▶ [The task]:
In the records below, find the line that contains "Thom Browne Kasjmier" and the line that contains "Maiô com Proteção". Set down exactly those lines and every line between them, and nothing more.

--------

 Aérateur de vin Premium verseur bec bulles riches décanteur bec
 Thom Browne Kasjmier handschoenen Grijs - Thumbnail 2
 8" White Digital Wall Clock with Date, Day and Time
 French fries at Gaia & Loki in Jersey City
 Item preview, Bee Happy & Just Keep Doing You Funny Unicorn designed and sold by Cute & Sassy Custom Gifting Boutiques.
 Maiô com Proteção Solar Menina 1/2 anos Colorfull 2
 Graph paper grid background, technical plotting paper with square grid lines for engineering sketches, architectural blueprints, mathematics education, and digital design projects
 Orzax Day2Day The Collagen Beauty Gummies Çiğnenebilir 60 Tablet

--------

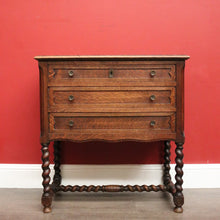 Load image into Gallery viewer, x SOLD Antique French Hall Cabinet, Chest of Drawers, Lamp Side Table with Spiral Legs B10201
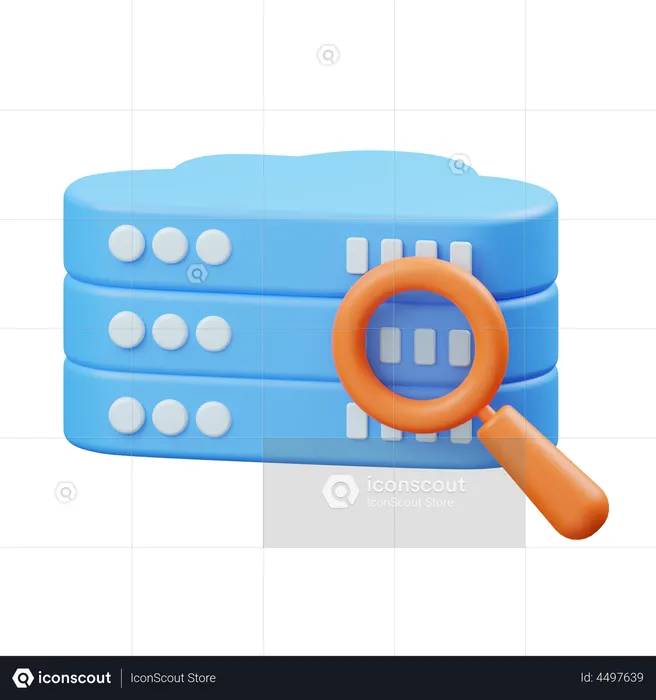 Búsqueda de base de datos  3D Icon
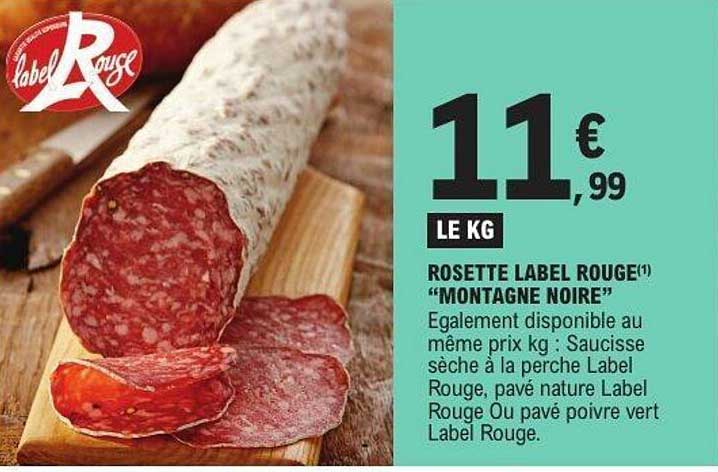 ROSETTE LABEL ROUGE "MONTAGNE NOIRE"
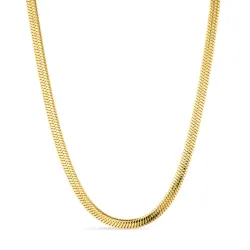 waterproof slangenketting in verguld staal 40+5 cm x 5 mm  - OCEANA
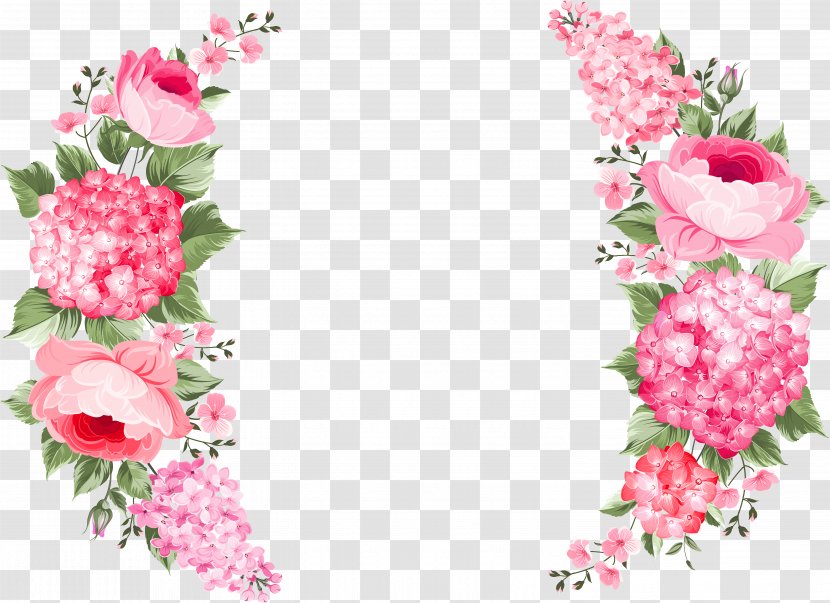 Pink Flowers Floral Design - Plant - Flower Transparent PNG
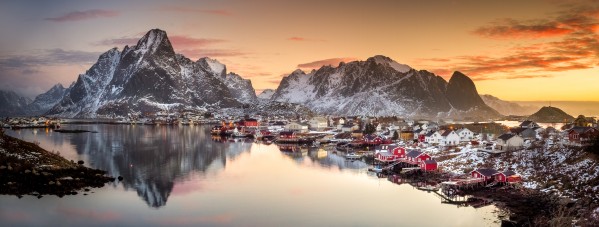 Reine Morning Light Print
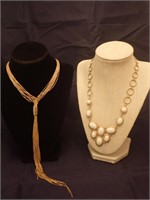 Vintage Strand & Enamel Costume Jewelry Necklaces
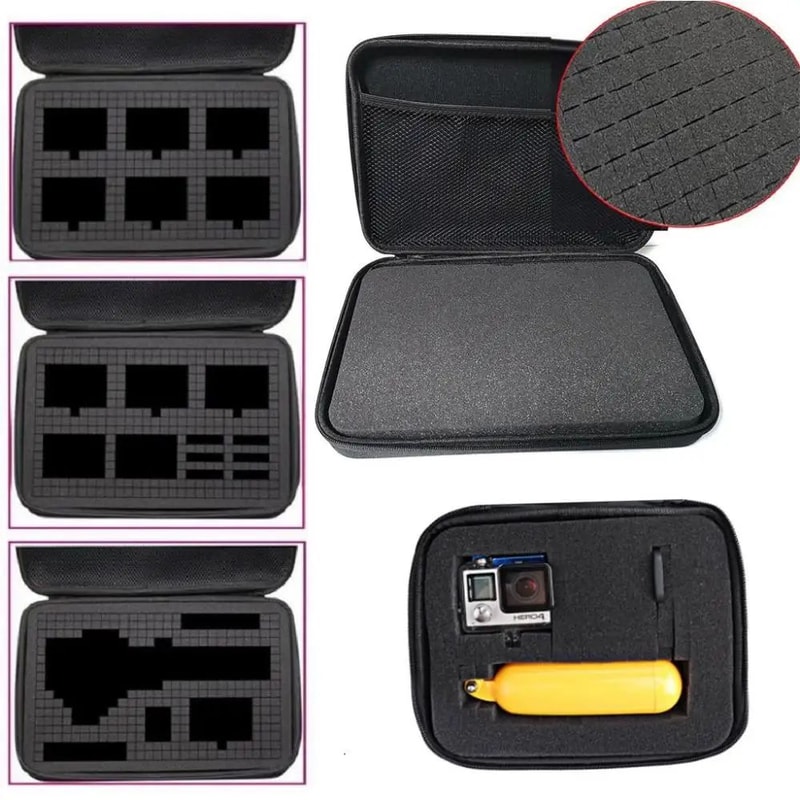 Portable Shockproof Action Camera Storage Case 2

--------

▶ [Answer to this task]:
 Thom Browne Kasjmier handschoenen Grijs - Thumbnail 2
 8" White Digital Wall Clock with Date, Day and Time
 French fries at Gaia & Loki in Jersey City
 Item preview, Bee Happy & Just Keep Doing You Funny Unicorn designed and sold by Cute & Sassy Custom Gifting Boutiques.
 Maiô com Proteção Solar Menina 1/2 anos Colorfull 2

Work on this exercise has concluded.